The lagoon city risks “losing its soul” as it struggles to cope with 60,000 tourists a day, nearly double the number it can sustain, according to Italia Nostra (Our Italy).
Campaigners say Venice should discourage mass tourism and instead court high-spending visitors. The city could also encourage activities like university research and technology.
The environmental group said the threats faced by ‘La Serenissima’, as the Venetian republic was once known, were so grave that UNESCO should consider striking the city off the World Heritage list.
“The Italian government has not lived up to its commitment made to UNESCO to safeguard Venice and its lagoon,” the organisation said. Alessandra Mottola Molino, Italia Nostra’s president, said: “We need to launch a planetary alarm.”
Sea level rises and more frequent storms are expected to increase the level of the Venetian lagoon by 20 inches by the end of the century, threatening to undermine the foundations of centuries-old palaces and churches and swamp some parts of the city altogether.
High tides, particularly during the winter, already flood much of the city, including St Mark’s Square, the focus for millions of tourists.
The situation was exacerbated by the increasing number of giant cruise ships which visit Venice – their wake erodes the delicate mud banks and wooden piles on which the city is built, Italia Nostra said.
Dredging, landfill and the construction of a huge new satellite city on the Italian mainland, a few miles from Venice, are radically changing the lagoon’s ecosystem and posing enormous risks to the survival of one of the world’s most beautiful urban environments.

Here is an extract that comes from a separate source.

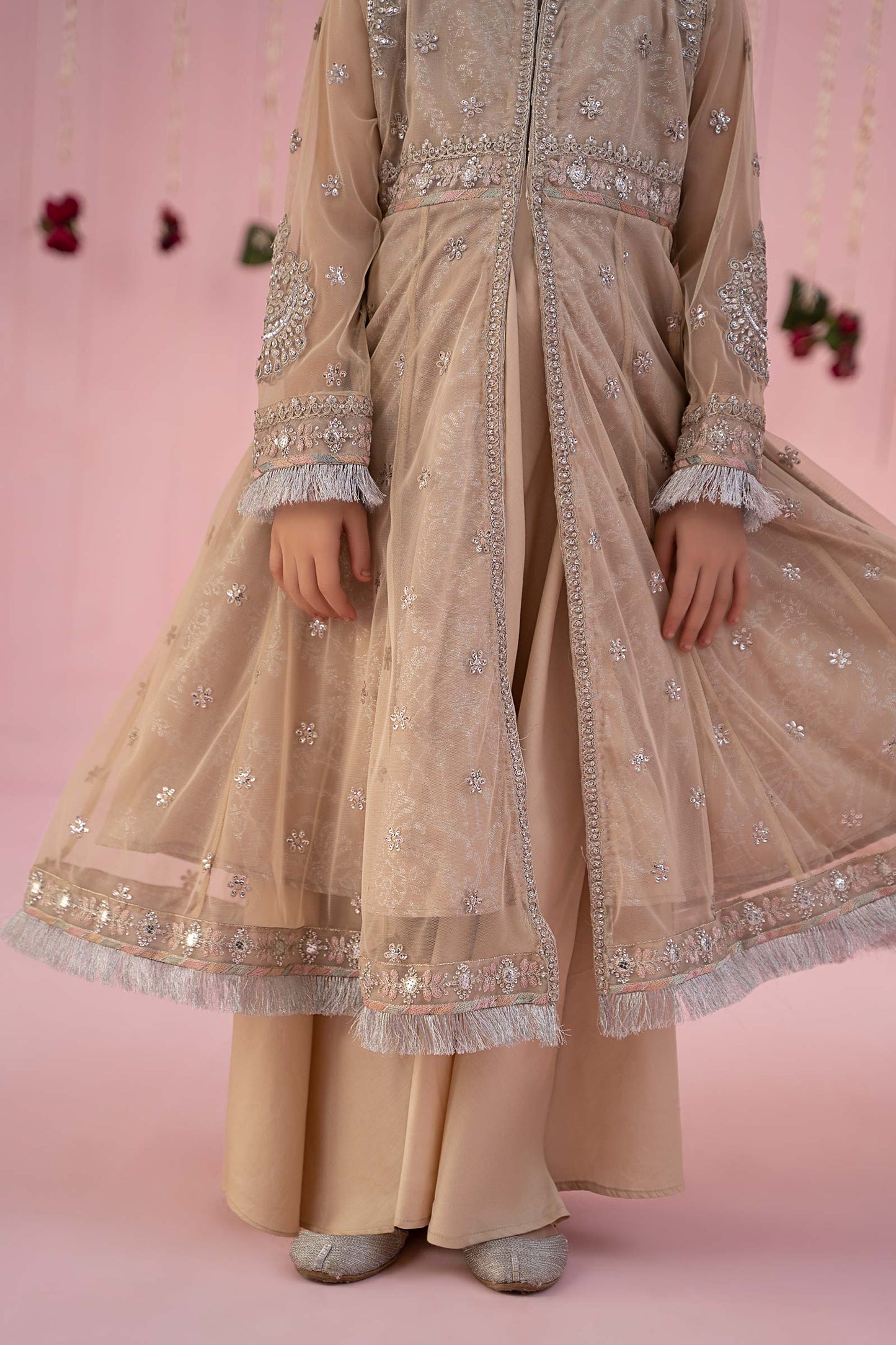 3 Piece Embroidered Net Suit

Cristiano Gasparetto, a former member of the city’s Commission to Safeguard Venice, said the proposed construction of a six-mile-long underwater subway linking the mainland to Venice risked becoming an “ecological disaster”.

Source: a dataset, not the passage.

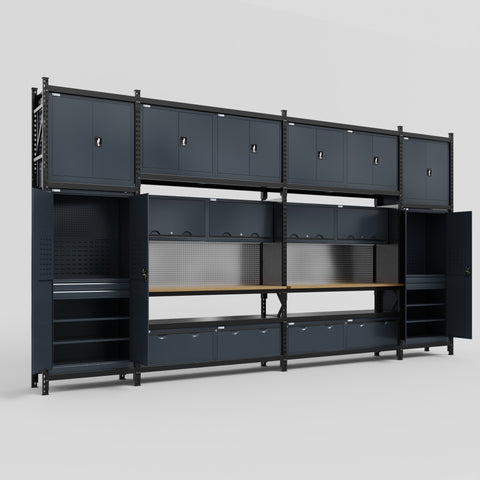 M1221 Modular Work Bench - H3100mm x W5700mm | MDF WBT | Dark Grey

“If we lose the lagoon, we lose the city,” he said.
In an attempt to save the city, Italians are building a £3 billion flood barrier, named Moses, consisting of 78 giant steel gates across the three inlets through which water from the Adriatic surges into Venice’s lagoon.
The project, due to be operational in 2014, will like its namesake literally turn back the waves, regulating the flow of water from the sea.

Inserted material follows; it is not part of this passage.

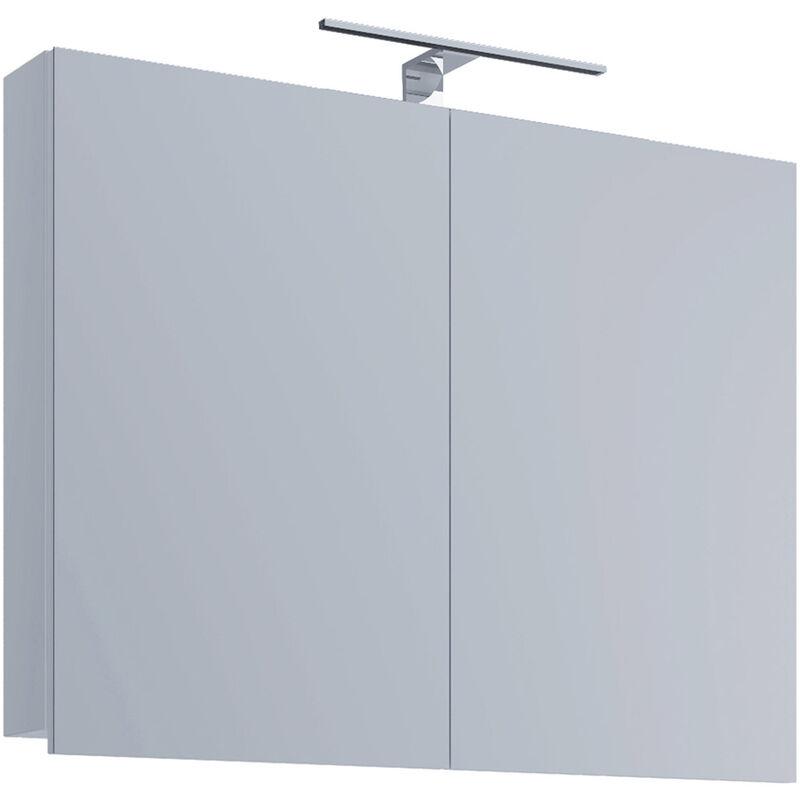 Ebuy24 - VCB1 Armoire de toilette murale avec miroir 80 cm, éclairage inclus, blanc.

But for all its expense and technological sophistication, it will only be a stopgap measure, environmentalists fear.
“In 100 years the sea level will be such that the barriers will have to remain closed all the time, blocking the natural exchange of sea water that is (the lagoon’s) very life source,” said Lidia Fersuoch, the head of Italia Nostra’s Venice chapter.
“This will change Venice as we know it.”